Now that you've created a web server using the Python http.server library you can move to the very final project. You are going to create your own web server from abolute nothing using everything you've learned so far. In Exercise 51 you created the majority of the handling that is "above" the http.server module. You didn't do any network connection handling or HTTP protocol parsing. In this final exercise you will implement all the gear necessary to replicate what http.server does for your lessweb server.

Exercise Challenge

To complete this exercise you'll want to read the Python 3 asyncio module. This library provides you with tools for handling socket requests, creating servers, waiting for signals, and most everything else you'll need. If you want an extra challenge doing this, then you can use the Python 3 select module, which provides an even lower level for handling sockets. You should use this documentation to create a series of small little socket servers and clients.

Once you understand how to create servers and clients that talk over a TCP/IP socket you'll need to move to processing HTTP requests. This part of the project is going to be daunting as the HTTP standard is insane and way more complicated than it needs to be. I would start with the simplest HTTP parsing library you can design, and then expand on it with more and more samples. The first place to start is the RFC 7230, but be prepared to experience some of the worst writing humans could devise.

The best way to study RFC 7230 is to first extract out all of the grammar listed in the Collected ABNF appendix. At first glance this seems crazy since this is just a huge grammar specification. You actually learned how to read these in Part V of this book but on a smaller scale. You know how regular expressions, scanners, and parsers work and how to read a grammar like this. All you need to do is study this grammar and implement it a little bit at a time. When implementing this I would completely ignore any of the "chunk" grammar.

Once you've studied this grammar you should start writing a parser for HTTP using what you have already created.
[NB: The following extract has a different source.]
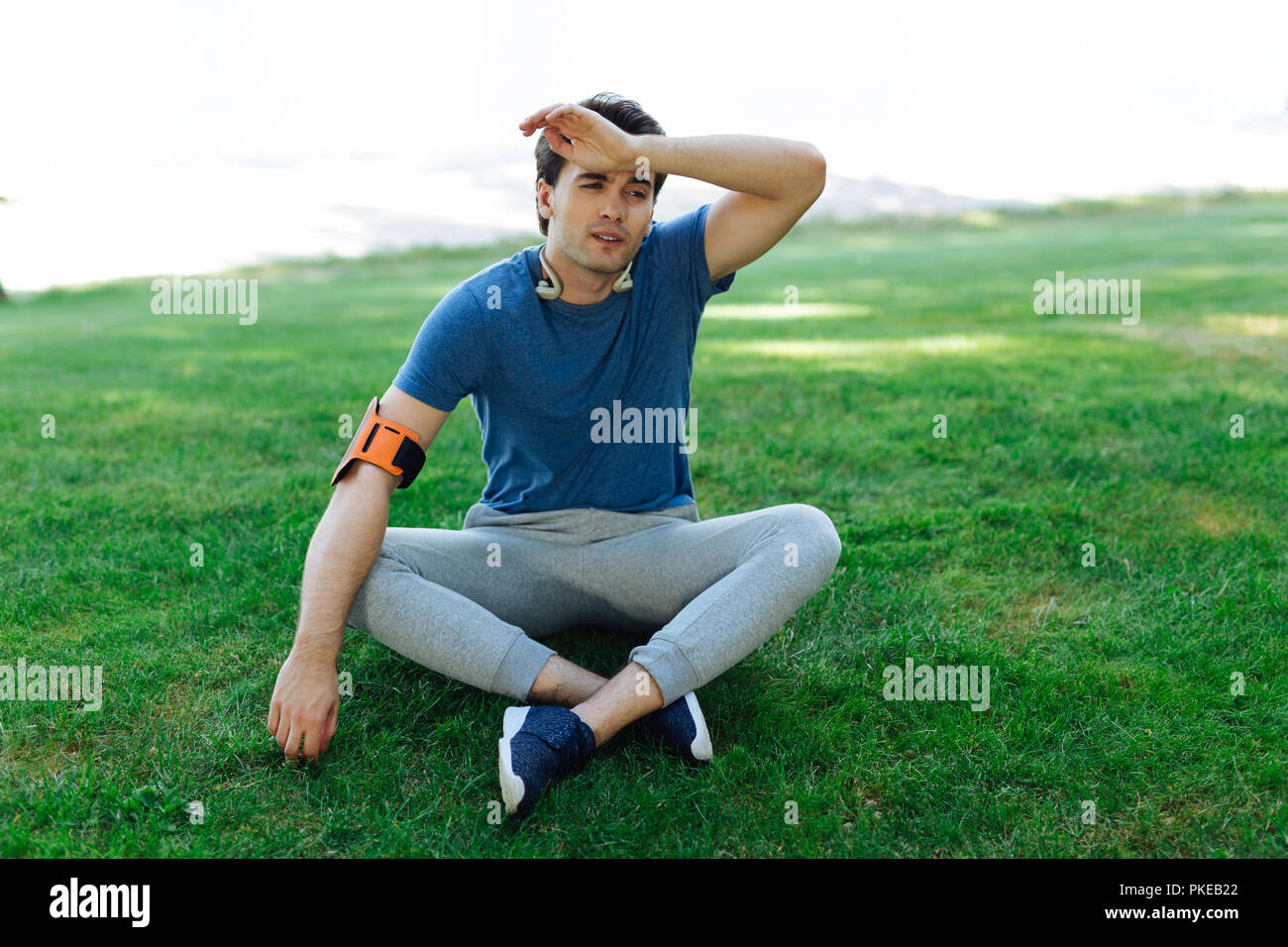 Schön müde Mann sitzt auf dem grünen Gras Stockfoto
Use your data structures, parsing tools, and everything you can to create a valid parser for a small subset of HTTP. Try to cover as much of this grammar as you can. To help you out, there is a set of test files that have valid HTTP requests in them at https://learncodethehardway.org/more-python-book/http_tests.zip. You can download this set of test cases and run them through your parser to confirm it works. I extracted many of these test cases from the excellent And-HTTP server and then augmented them with more basic examples. Your goal is to get as many of these as possible passing.
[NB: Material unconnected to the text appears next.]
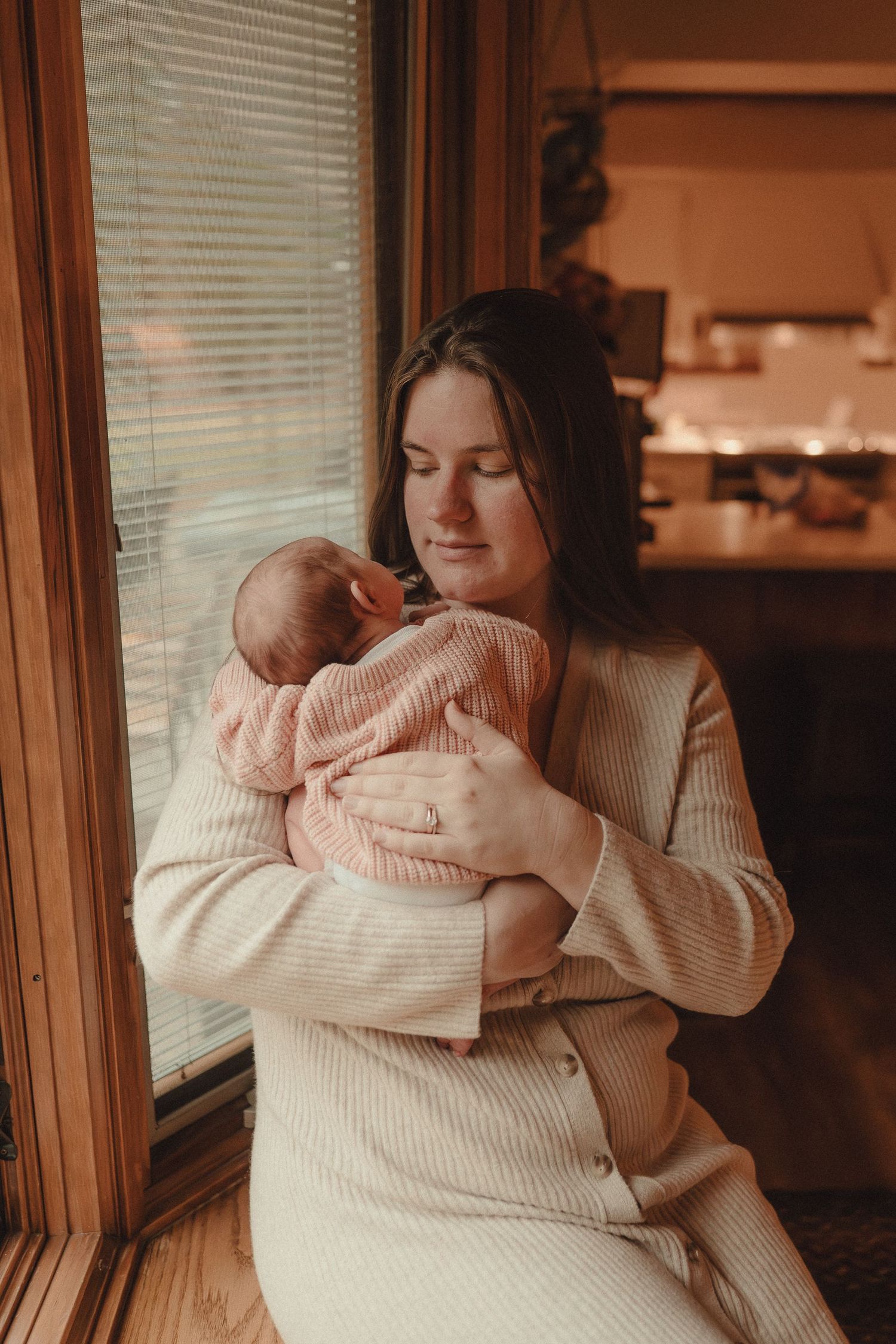 Gentle candid moments between parent and baby captured in warm, natural lighting.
Finally, once you have a way to write a decent asyncio or select socket server and a way to parse HTTP, you can then put the two together and make your first functioning web server.

Breaking It

You should definitely try to break this web server, but you should also try something different here. You've written a parser for HTTP that tries to handle valid HTTP in the most logical way possible using a RDP style parser. There's a good chance that your parser blocks many bad HTTP requests, so find some past attacks and try them on your web server. There are several website hacking automation tools out there, so grab one and point it at your server. Be safe about this though, and make sure you are only running reputable testing tools and only on your own server.

Further Study

If you wanted to completely understand web servers and technology then use your moreweb server to create a web framework. I would suggest creating a web site first and then extract the patterns you needed out of it for a web framework. The goal of such a framework is to encapsulate patterns that you use so that you can simplify later web applications you make. As with the lessweb and moreweb exercises, your goal should also be to research, implement, and exploit common attacks to web frameworks.

If you want to dive deep into TCP/IP I recommend the book Effective TCP/IP Programming by Jon C. Snader. This book is written in C, but it is effectively "Learn TCP/IP The Hard Way" and covers 44 topics with simple code for you to understand how basic TCP/IP works. C is where TCP/IP was born, so much of how other languages handle socket connections seems weird until you know how C does it. By studying this you'll get a firm grounding in how socket servers work. The only warning is the book is a little dated, so the code should work, but it won't be the most modern code possible.